Pettersen's run in the top 10 started in 2007, when she reeled off her first five victories on the LPGA Tour. Since then, she also has tallied 15 runner-up finishes.

Seventeen of her 18 LPGA Tour or Ladies European Tour victories have come since 2007. In that time, the 2010 season was the only year in which she went winless.

Pettersen's lone major championship win was in 2007 at the LPGA Championship. In the last six years, she has five second-place finishes and a pair of third- place finishes as well.

For her career, Pettersen has started in 40 majors, including a current streak of 29 in a row, and has rung up 24 top-25 finishes.

The 32-year-old has been equally as consistent in her money list ranking, where she has been in the top 10 each year since 2007.

Pettersen has recently returned to an old habit that would infuriate most golfers. She is putting with her eyes closed.

After her win in Hawaii, she explained, "I have a lot better feel. I don't really try to steer the putt. I kind of visualize everything in my head. I visualize the line that I've read the ball and the speed. I've read it, and that's it. I'm just letting it happen."

She's so good, she doesn't even look when she putts. That's a little like Michael Jordan shooting free throws with his eyes closed.

Really though, if it isn't broke, why fix it? The last year she putted with her eyes closed? It was 2007, when she won five times.

Keep closing those eyes, Suzann. It's helps you play your best, and that's saying something.


This past weekend was a golf fans paradise. There were three tours getting live coverage on various channels, and three of them gave viewers extra golf.

It started in Saturday, when Lizette Salas fired a 10-under 62 to catch Pettersen and force the weekend's first playoff. The pressure got to Salas on the first extra hole as she dumped her approach shot in the water.

Pettersen easily 2-putted for par and the win, but there were more playoffs to come.

The kicker came around lunchtime on Sunday. The European Tour had three players finish at 5-under par. Felipe Aguilar dropped out on the third extra hole, but the playoff was only one-third over.

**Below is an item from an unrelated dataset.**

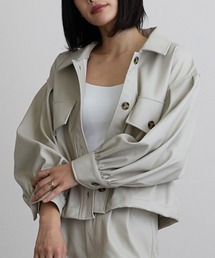 【Mayree】合成皮革　ボリュームスリーブジャケット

Raphael Jacquelin and Maximilian Kieffer matched five straight pars, as they played the 18th over and over and ...

Finally, on the ninth extra hole, Jacquelin rolled in a birdie effort to claim his fourth European Tour victory.

If that didn't whet your appetite, the PGA Tour had two of the last three U.S. Open champions battling for the RBC Heritage title.

Charley Hoffman tumbled out of the lead with a final-round 77 to open the door for 2010 U.S. Open champ Graeme McDowell and last year's U.S. Open winner Webb Simpson. McDowell 2-putted for par, to put the pressure on Simpson. The reigning U.S. Open champ had run his birdie effort six feet by the hole and he failed to convert that putt.

McDowell walked off with his second PGA Tour title.

If those three weren't enough, Angel Cabrera went home to play a PGA Tour Latinoamerica event on the course he grew up caddying on. He fired a 64 to force a playoff there, and birdied the first extra hole for the win.

There is plenty of golf on television every week. This past weekend, viewers happened to get more than they bargained for.


* After 14 straight American winners to start the year on the PGA Tour, McDowell's win was the third in a row by an international player.

* Four players who finished in the top 10 at the Masters came back and played at the RBC Heritage. Of that group, only Marc Leishman followed up with another top-10 finish. He was one of nine players who tied for ninth place at Harbour Town Golf Links.